I have learned to set my highbacks by placing the boot in the binding and lining up the highback with the natural forward lean of the boot. More than that and you create too much pressure back there, less than that and you get balance issues. I think the highback is more about helping you balance as it is naturally much easier to balance on your toe side than your heel side due to anatomy.

In any case, yes I think you need to work on your technique. The pressure on the edge from your heel side turns should come primarily from the weight in your heel, not from the leverage you get from the highback. Sticking your butt out is not how you should think about a heel side turn. You should think about applying pressure to the heel side by rocking your feet onto your heels and pressing into your heels. This works best with bent knees in an athletic stance, which often results in your butt sticking out, but not always (depending on your position, the terrain, etc).


----------



## MrDavey2Shoes (Mar 5, 2018)

As you advance you’ll find that carving is more to do with fore/aft movement than heel toe movement. People put too much thought into forward lean. Most id suggest would be to match the contour of your boot.


----------



## wrathfuldeity (Oct 5, 2007)

A test to answer your question of relying on the highbacks.

Take the highbacks off your bindings and then go ride. If you can ride, then you are relying too much on your high backs. And it is possible to ride without high backs. I inadvertently ride without my highbacks  and it works surprisingly well for certain conditions and terrain.


----------



## Rip154 (Sep 23, 2017)

You just have to adapt to a new highback setting, if you want. You can rely on the highback for as much as it can take, but once you’re on edge, there shouldn’t be that much pressure on it. If you are sliding, it’s a different matter. If your highback folds or you ride without a highback, you can’t rely on it, and you use more strength and straps. Shifting the CoG through a highback with no forward lean is easier with a more directional stance. If I wanted to carve with a duckstance I’d prolly use some forward lean.


----------



## QReuCk2 (11 mo ago)

If I remember correctly, Nicolas Muller was (is still?) riding with a lot of forward lean. I will not go into pro-bashing just because they set up their board differently than me. Obviously other pros do ride with no forward lean at all, some with no highbacks and some even bindingless. So there might be a place for personnal preference there.

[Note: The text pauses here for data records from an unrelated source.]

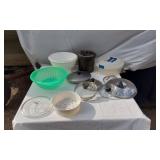 Household kitchen items including mixing bowls, colander, and pot lids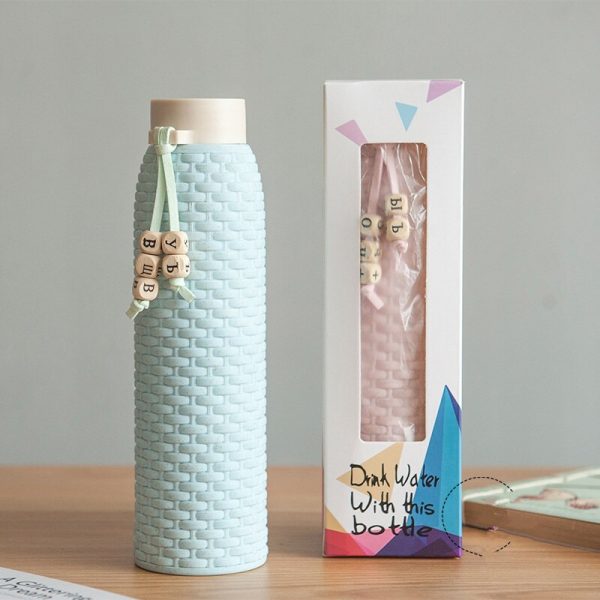 Doble 310ML botella de agua de vidrio Anti-agua hirviendo de imitación de mimbre con cuerda para niñas, bolso lindo de la botella de agua de ronda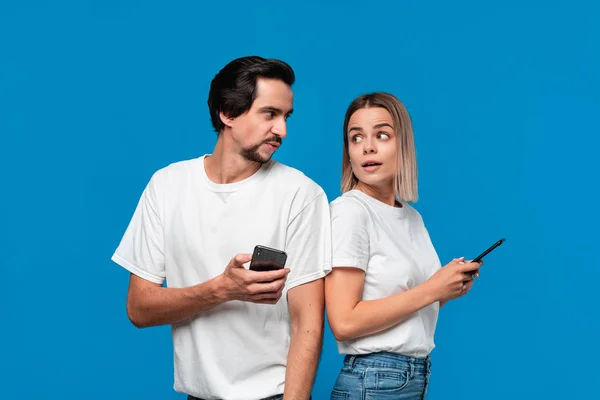 Femme blonde et brunet homme en tess blanche et jeans bleus regardant les écrans de leurs téléphones mobiles debout avec le dos à l'autre . — Photo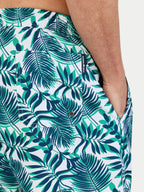 Man wearing Raging Bull Hawaiian Patterned Swim Shorts - Green, back pocket detail. 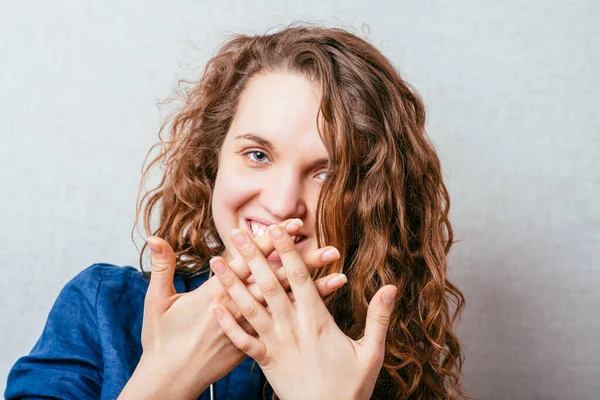 Curly Smiling Woman Covers Her Mouth Her Hands Gray Background — Stock Photo, Image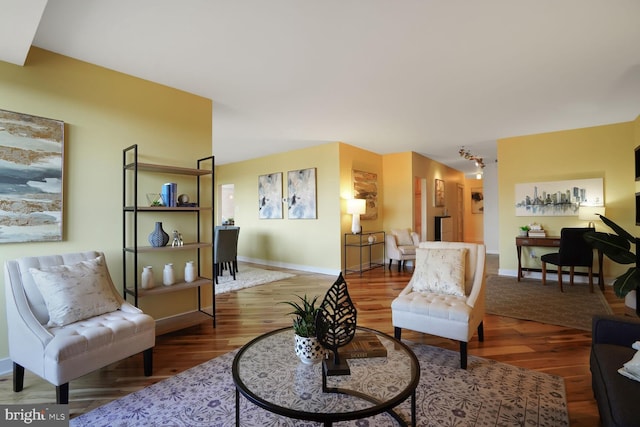 living area with track lighting, baseboards, and wood finished floors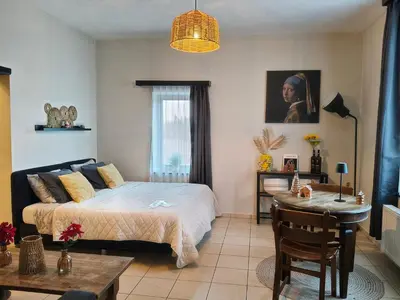 a bedroom with a bed and a table in it at De Smokkelhoeve in Riemst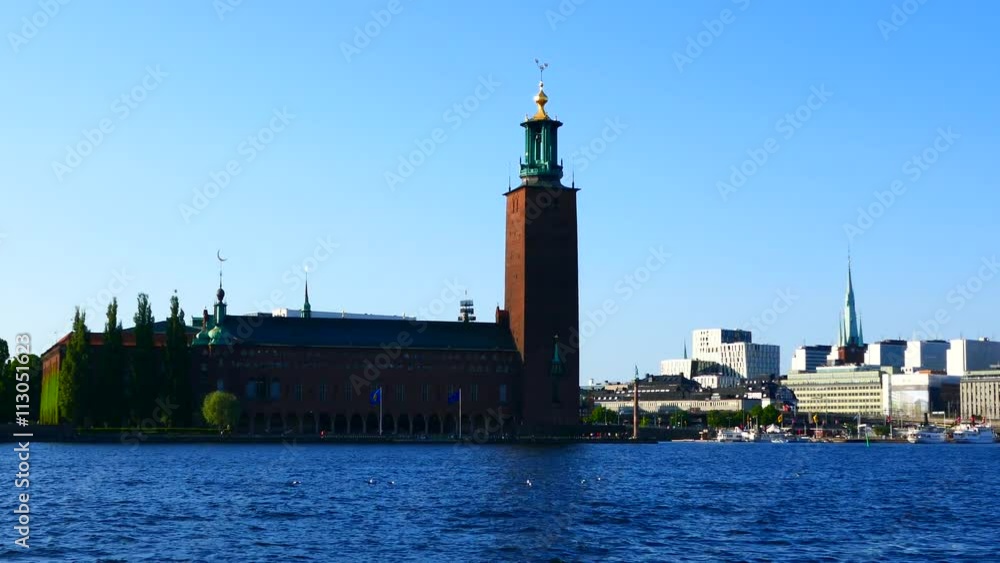 STOCKHOLM, SWEDEN, JUNE 2016: A tracking shot view of Stockholm city center and old town from inside the water STOCKHOLM, SWEDEN, JUNE 2016: A tracking shot view of Stockholm city center and old town from inside the water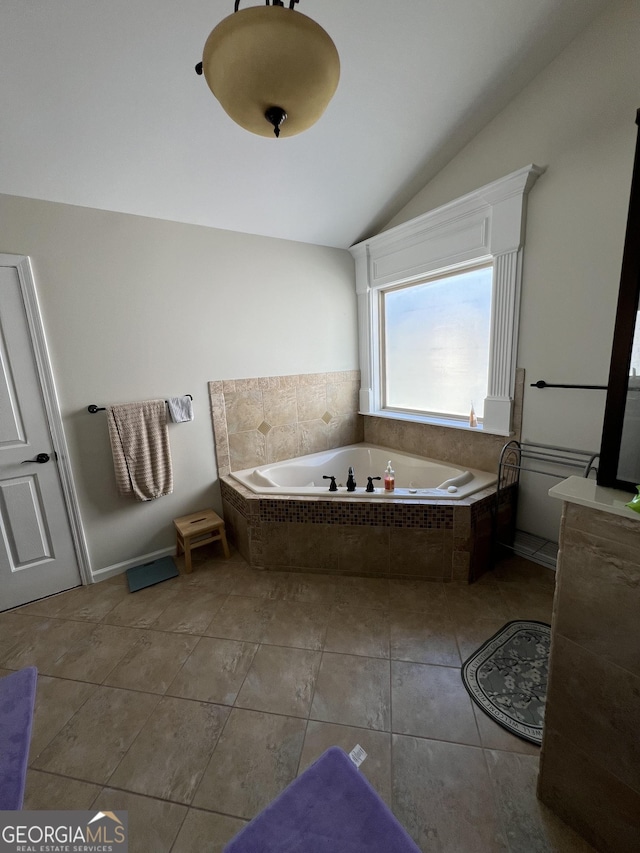 bathroom with a garden tub, vaulted ceiling, and tile patterned flooring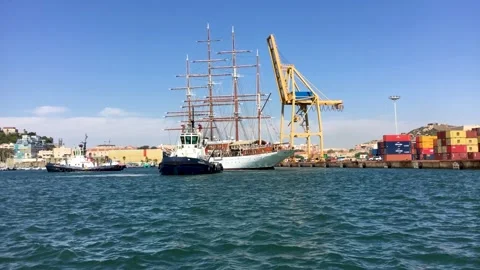 Towing a sailboat in port Stock Footage 313751609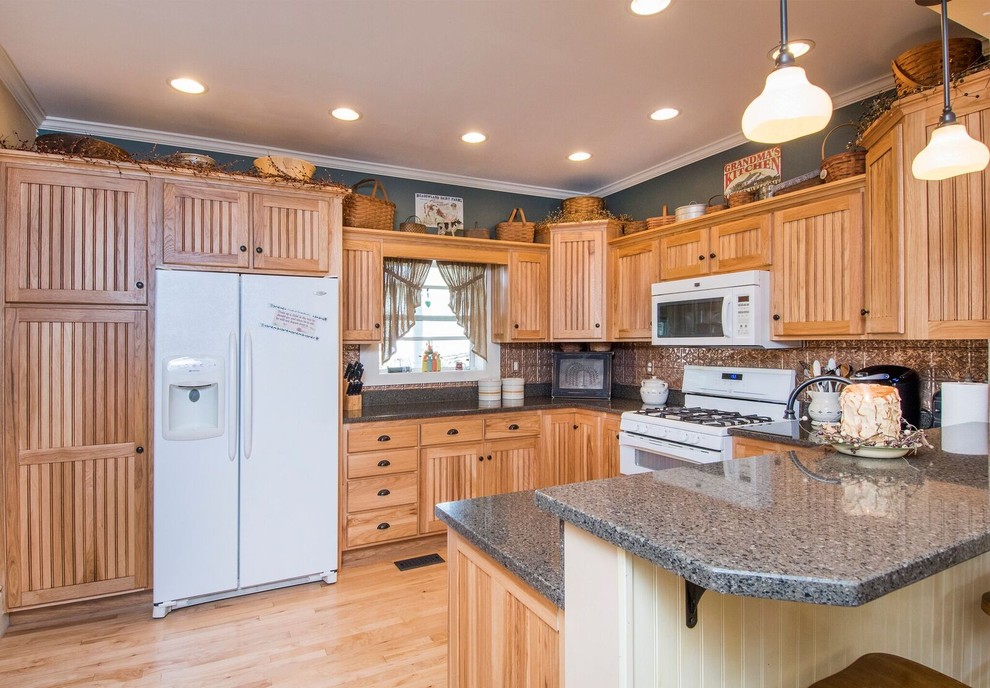 Mid-sized mountain style u-shaped light wood floor and brown floor eat-in kitchen photo in Cincinnati with a farmhouse sink, recessed-panel cabinets, light wood cabinets, granite countertops, metallic backsplash, ceramic backsplash, white appliances, a peninsula and gray countertops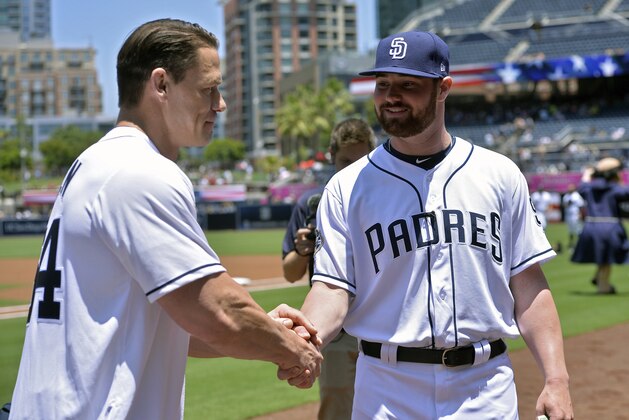 Actor and wrestler John Cena, left, shakes hands with San Diego Padres' Logan Allen after Cena payed a lost bet to Allen during the first inning of a baseball game between the Padres and the Milwaukee Brewers Wednesday, June 19, 2019, in San Diego. (AP Photo/Orlando Ramirez)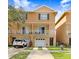 Inviting two-story townhome featuring a white balcony, attached garage, and manicured front lawn at 6823 S Kissimmee St, Tampa, FL 33616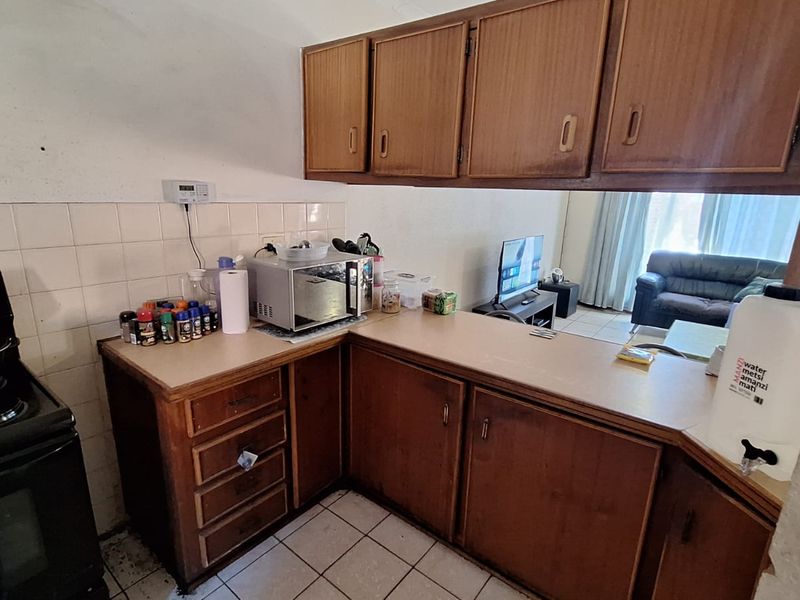 A dated kitchen featuring wood-look cabinetry, laminate countertops, and tiled flooring, offering potential for a modern renovation to enhance the space.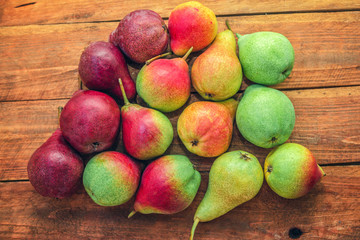 Red, green and yellow colorful ripe pears on a wooden table. Summer fruit harvest.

I've rode with no forward lean at all for the best part of 20 years. I've recently decided to try a again a bit of it (like what @MrDavey2Shoes suggests, just matching the boots lean) and I think I found a happy medium. It's difficult to describe, but I like the bit of support from the spoiler, especially during the toe to heel edge change, to make it just a tad quicker and responsive to the bit of a front knee roll I apply there, without overdoing it as I like some play and forgiveness around the heel joint anyway.
As you're only on 20 days of riding, I would suggest experimenting honestly, which means actually trying to adapt to it, but dont think this is an absolument must one way or the other. It's more a matter of understanding what it does and deciding for yourself.


----------



## Scalpelman (Dec 5, 2017)

MrDavey2Shoes said:


> As you advance you’ll find that carving is more to do with fore/aft movement than heel toe movement. People put too much thought into forward lean. Most id suggest would be to match the contour of your boot.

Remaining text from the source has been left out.